Adaptive Stepsizing for Stochastic Gradient Langevin Dynamics in Bayesian Neural Networks
Rajpal, Rajit, Leimkuhler, Benedict, Jiang, Yuanhao
Bayesian Neural Networks (BNNs) provide a framework for quantifying uncertainty in deep learning models by placing a posterior distribution over the weights, p(θ|D). Algorithms like Stochastic Gradient Langevin Dynamics (SGLD) extend classical MCMC to the big-data setting by leveraging stochastic gradients. However, the loss landscape of deep neural networks is notoriously complex, characterized by pathological curvature and saddle points Kim et al. [2020]. Several methods have introduced adaptive step sizes or preconditioning to improve the convergence of SGMCMC on challenging loss landscapes, including geometry-based schemes such as SGRLD and SGRHMC Patterson and Teh [2013], Ma et al. [2015], and practical variants like pSGLD Li et al. [2015]. However, as discussed in Ma et al. [2015], Rensmeyer and Niggemann [2024] and Section 2.2, these methods are biased unless the dynamics is augmented by a computationally expensive divergence term.

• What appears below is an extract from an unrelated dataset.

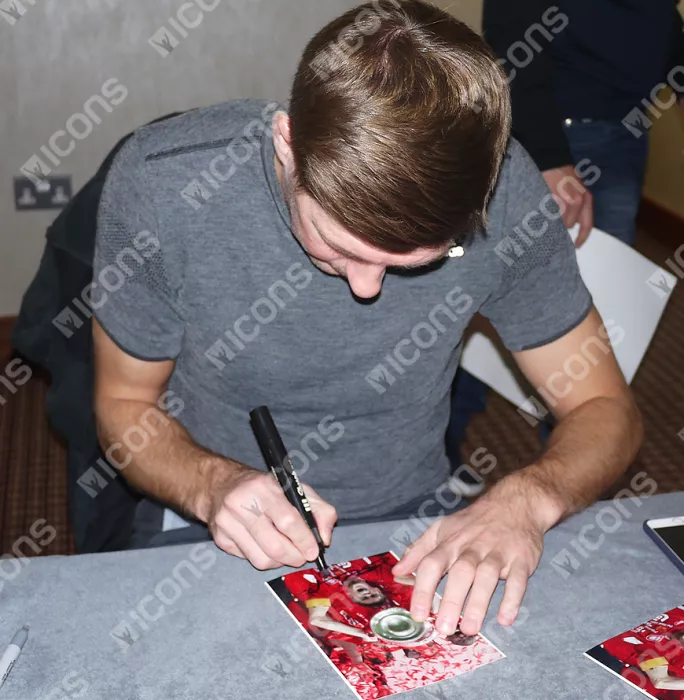 Steven Gerrard Signed Mini Liverpool Photo: 2005 UEFA Champions League Winner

Adaptive stepsizes can be viewed as an isotropic but dynamic preconditioning framework Leroy et al. [2024]. Building on the recent formulation of Leimkuhler et al. [2025], we revisit adaptive step size methods for SGLD in Bayesian sampling by introducing SA-SGLD. Importantly this scheme circumvents the computation of the divergence by use of statistical reweighting. We provide theoretical foundations and show using small examples and a Bayesian neural network that this method can improve performance compared to SGLD.
Nov-19-2025